In other words, the volatility this year's monsoon has already shown - a historically dry June followed by a sharp wet correction in July - may increasingly be the pattern rather than the exception.

Also at risk, Soora noted, are farms that rely on canal or groundwater systems, though for a different reason than rainfed paddy. "Irrigated farms are likely to be affected too," he said.
"In irrigated farms, irrigation generally overcomes the dry spell effects, but extreme rainfall events can cause damage," a reference to the flooding and waterlogging risk that comes with heavy downpours now bookending longer dry stretches.
WMO puts the odds of a strong-to-"super" El Niño at 80-90% through 2026, a threshold Sharma defines as central-eastern Pacific sea surface temperatures rising more than 2 degrees above the long-term mean.Freepix
What Farmers are Being Told to Do
With the season's outcome still uncertain, ICAR's advisory to farmers has focused on reducing exposure rather than predicting losses.

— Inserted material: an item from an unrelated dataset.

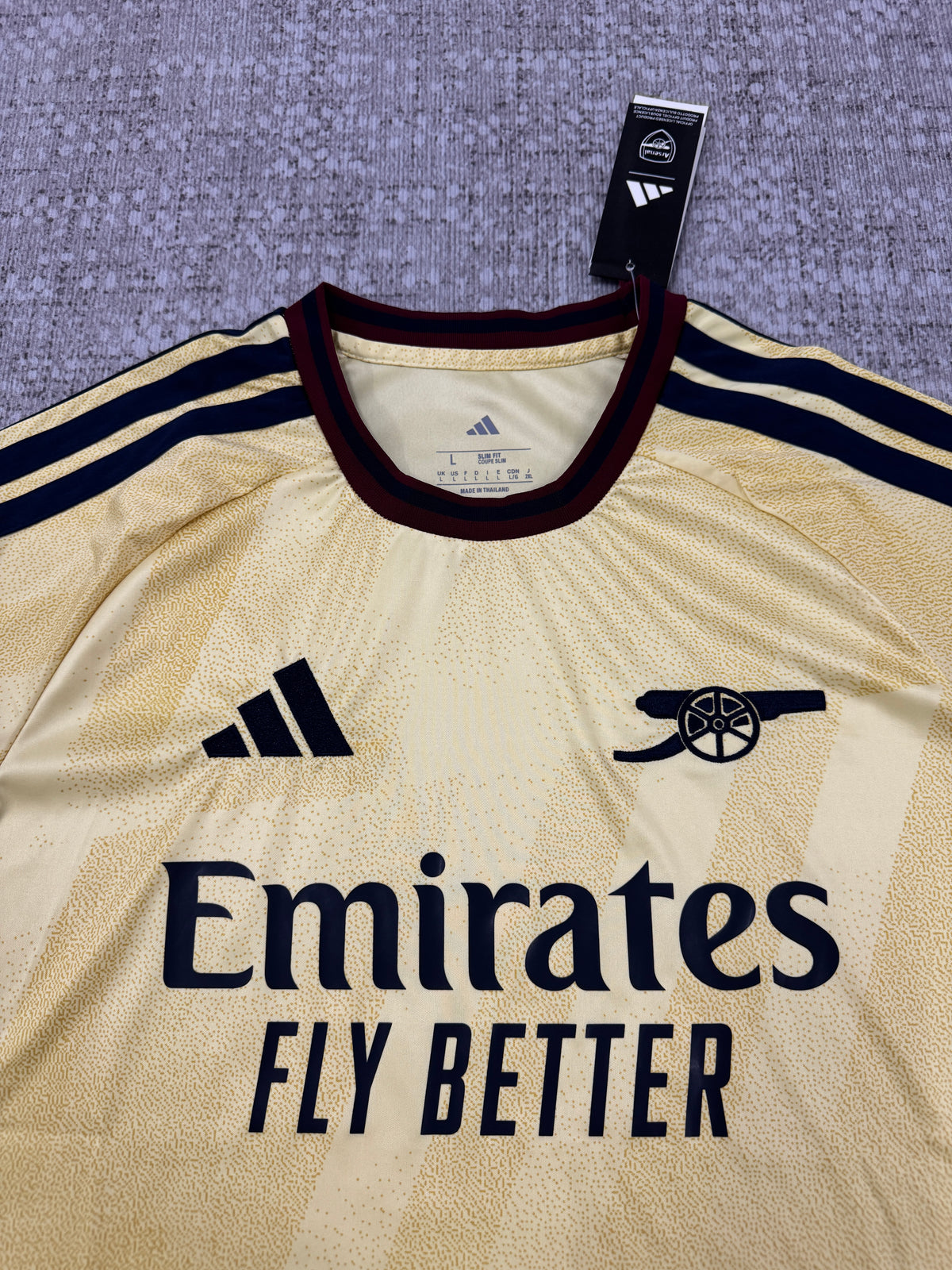 Arsenal 2026/27 Third Fan Jersey [KF-003]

Dr Soora laid out 10 interventions he described as urgent: harvesting rainwater in farm ponds for supplementary irrigation; shifting to shorter-duration varieties that mature before late-season dry spells set in; and choosing less water-intensive crops, such as millets, pulses and oilseeds, over paddy in the most exposed districts.
For fields that stay in rice, he recommended using the raised-bed method to stop water from stagnating around roots during heavy rain, applying crop residue as mulch to conserve soil moisture, and keeping fields weed-free so crops aren't competing for scarce water.
Proper drainage matters too, he said, so excess water can be channeled away from the crop and captured in a farm pond rather than left to pool. He also urged switching to sprinkler, drip or rain-gun irrigation where possible, adding organic matter to improve soil water retention, and cutting back on fertilizer, which can worsen crop stress during dry spells.
"Above are some of the major interventions that farmers are advised to undertake," Soora said. "There are many more, but these can be followed by farmers urgently."
Too Early to Call
For now, the story of this year's El Niño in India is less about confirmed losses than about a narrowing window of uncertainty. The June deficit has been partly repaired.
Sowing is close to normal in most regions. But the crucial month for rice, September, is still two months away, and the modeling, Dr Naresh Soora described, suggests that even a "normal" season may increasingly arrive punctuated by dry spells and sudden, damaging downpours.
Whether this cycle joins 2015-16 in the record books as a season of significant crop loss, or turns out to be a false alarm cushioned by a timely monsoon revival, is a question Dr. Soora was unwilling to answer prematurely, a caution that, in itself, reflects how this El Nino is being covered differently than past events with more data, more modeling, and less appetite for speculation.